But, even more so after your clarification, if the ID means responses are unmodified it’s just confusing - as you say - at odds with each other, since i’d send in scope as array and get it back as a string from the token response. 

Odesláno z iPhonu

> 13. 7. 2020 v 18:09, Justin Richer <jricher@mit.edu>:
> 
> The intent was to only affect the request, not the response, though I can see the confusion that would arise in having those be at odds with each other. 
> 
>  — Justin
> 
>>> On Jul 13, 2020, at 11:47 AM, Filip Skokan <panva.ip@gmail.com> wrote:
>>> 
>>> Hello Justin, 
>>> 
>>> Your ID changes both how a client sends a request as well as how the, already a json, token response is structured (as far as i can see it changes scope from a space separated value to an array). 
>>> 
>>> The response morphing will be confusing to clients.
>>> 
>>> I don’t think there’s much to explore here, apart from authorization_details param sent to the token endpoint form encoded i don’t find much unnatural about the existing oauth interface. 
>>> 
>>> Filip
>>> 
>>> Odesláno z iPhonu
>>> 
>>> 9. 7. 2020 v 21:29, Justin Richer <jricher@mit.edu>:
>>> 
>>> 
>>> In the ten years since OAuth started, we’ve seen a huge shift away from form encoding to JSON encoding for sending data to a server.
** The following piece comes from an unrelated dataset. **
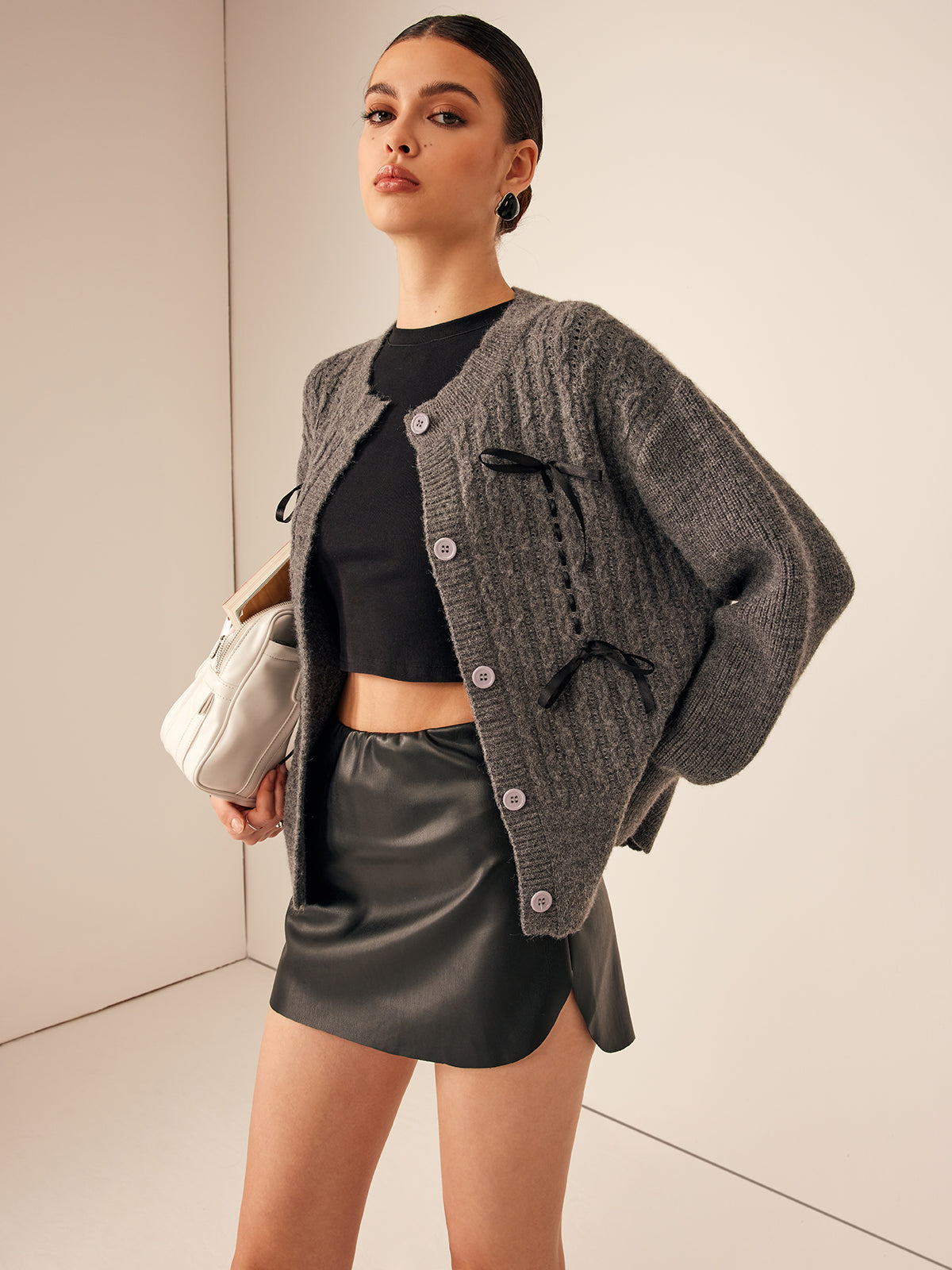 Wave Trim Bow Breasted Cardigan-Massicos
And yet, OAuth is stuck with form encoding. So I thought, why can’t we change that?
>>> 
>>> I put together a quick proposal for how this would work.
>>> 
>>> https://www.ietf.org/id/draft-richer-oauth-json-request-00.html
>>> 
>>> The basic idea is that you take the map of form inputs and make it into a JSON object. For some fields, like scope and authorization_details, you can define a JSON-specific encoding to make use of object and array structures native to JSON. You also don’t have to url-encode values inside the JSON strings. 
>>> 
>>> Caveat, I haven’t tried implementing this yet, but I think it’s not likely to be that difficult for either the client or server side of things. At worst it seems like it’d be a pretty simple middleware function. Functionality can be detected at the AS by the content negotiation in HTTP (client sends content-type of JSON), and can be advertised as an option in the metadata (or in an OPTIONS call to the token endpoint, to be more HTTP-friendly).